Requests for beowulf accounts should initially be submitted through the support request form.

Visitors should obtain beowulf accounts through their sponsors.

What happened to my home directory?

Accounts on the beowulf have home directories local to the cluster, this is mainly to improve the reliability of the cluster. Hardware failure on home directory servers or problems with the intervening network infrastructure can lead to stale NFS mounts which can only be cleared with a lot of intervention from supoprt or by rebooting the nodes. Mounting directories off a server directly connected to the switch also gives a slight performance gain.

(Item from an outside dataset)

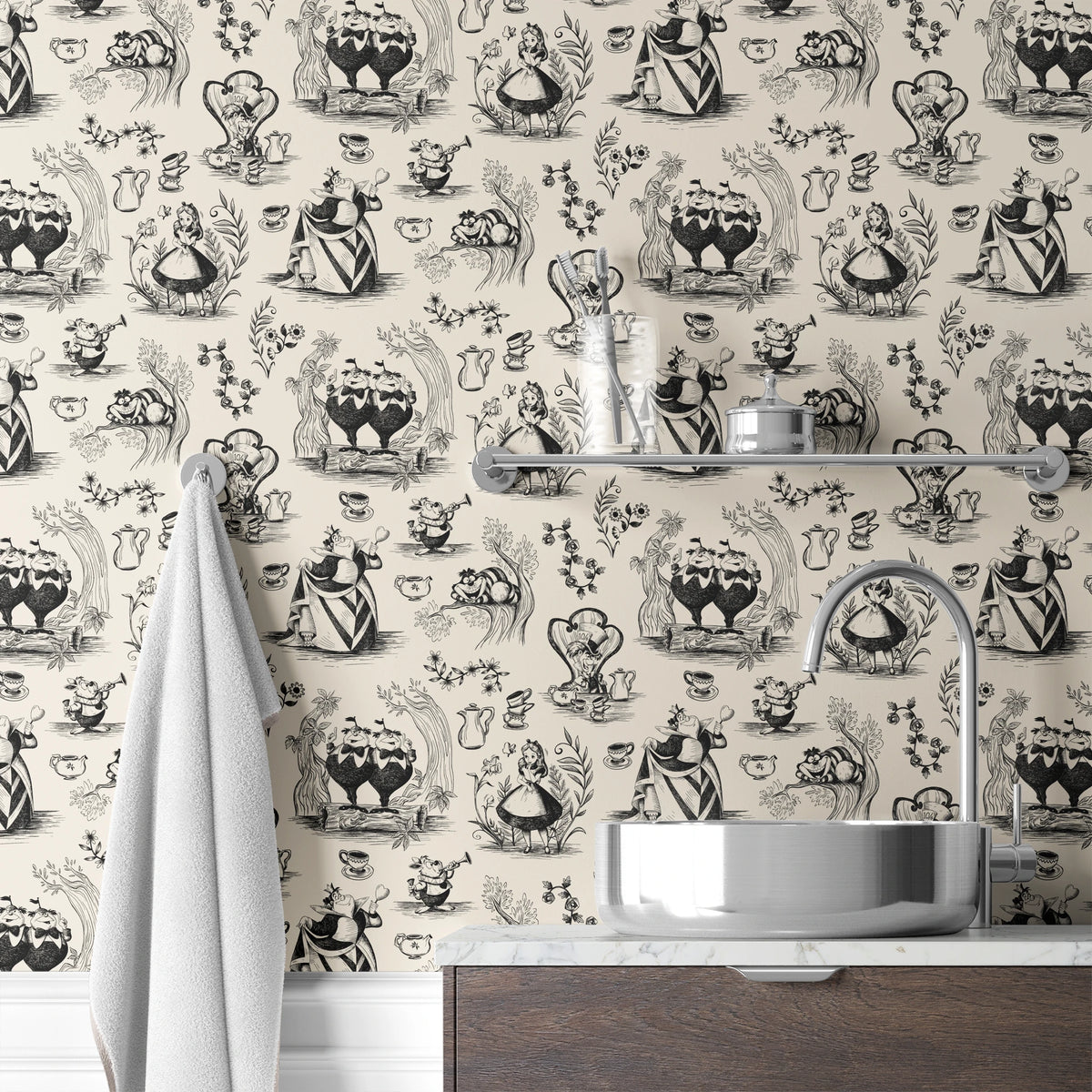 Disney Alice in Wonderland  Curiouser and Curiouser on Black Wallpaper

Why can't I see <path> on the nodes?

Generally the only network filesystems we make available to the nodes are /home and /group/beowulf mounted on har which is connected to the same switch as most of the nodes. /group/beowulf is also available on any DICE machine. If we provided the full DICE filespace to the nodes and there were jobs running on all 64 the lion nodes reading a 10Gb file then this would generating 640Gb of traffic across EDLAN and impact on other users. The jobs would also take a performance hit, it would be faster to copy the files to har ionce and then pull the files off of har to the individual nodes. If you have jobs doing multiple reads or writes to large files it is much fasted to copy them into /disk/scratch on the nodesthemselves. Finally if an nfs server were to go down or any reason for an extended time any nfs mounts which were written to would go stale. Usually it is only possible to clear stale mounts by rebooting the client machines. Having just one fileserver minimises the risk of this happening.

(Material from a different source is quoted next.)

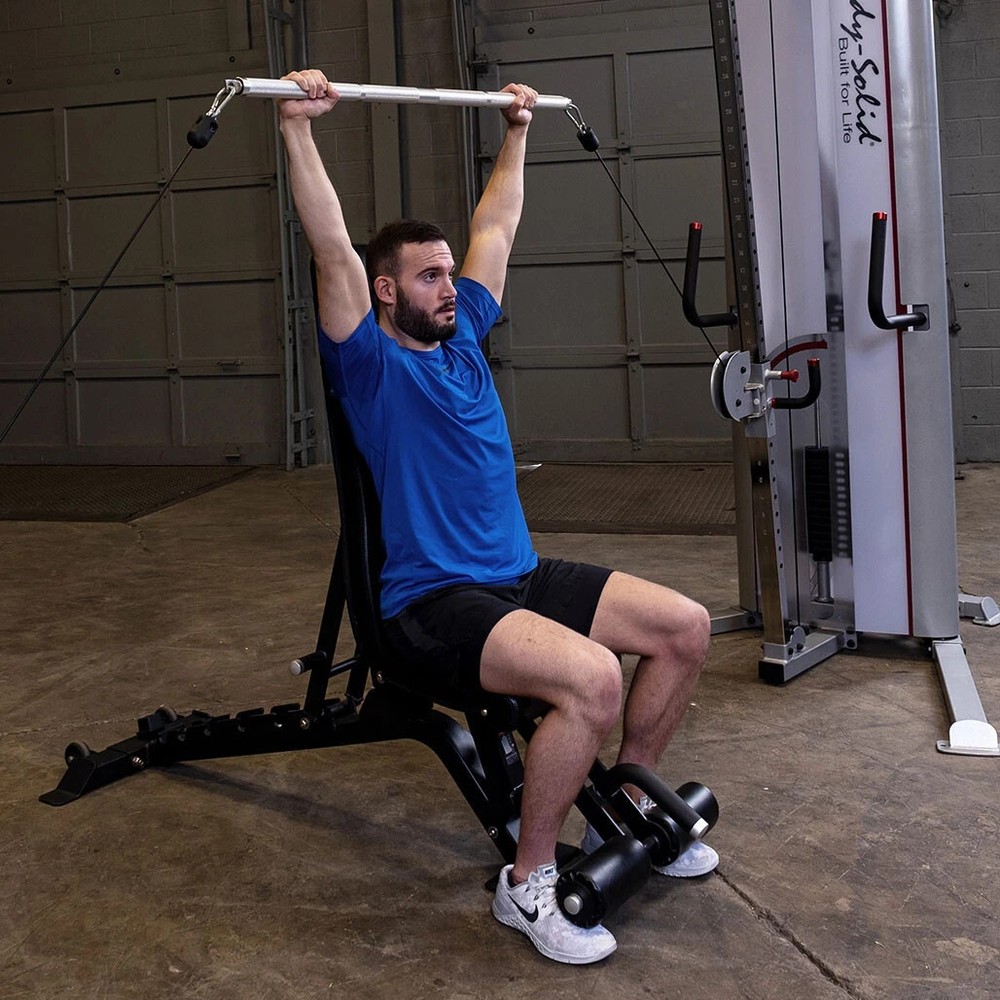 Body Solid Tools Aluminum Double Dual Hook Swivel Bar for Functional Trainer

What if I want to use data shared by group?

There's space in /group/beowulf/scratch which anyone can use, please use it sensibly.

Why isn't there more diskspace on the server?

It was intended to use the server to stage data on and off the cluster, it is not intended for long-term storage and the data is not archived.

What about quotas?

Your beowulf home directory has a quota seperate from your DICE home directory quota.

How can I make my jobs run faster?

Try to identify and avoid bottlenecks:

Using the beowulf

Each cluster has a head node, ssh on to the head node and use the gridengine qsub command to submit your jobs, you can access your standard dice home directory via /nethome/username.

For full information on using gridengine see the official documentation and the local wiki.

why DICE, why not a specialist beowulf OS?

Using DICE workstations means that users can develop applications on their own desktops.

Have you got any information on GPFS?

We have some user docs.

How do I submit large jobs to multiprocessor clusters(townhill and hermes)

Multiprocessor machines share the system memory and it is possible for serveral large jobs to use up all available system memory.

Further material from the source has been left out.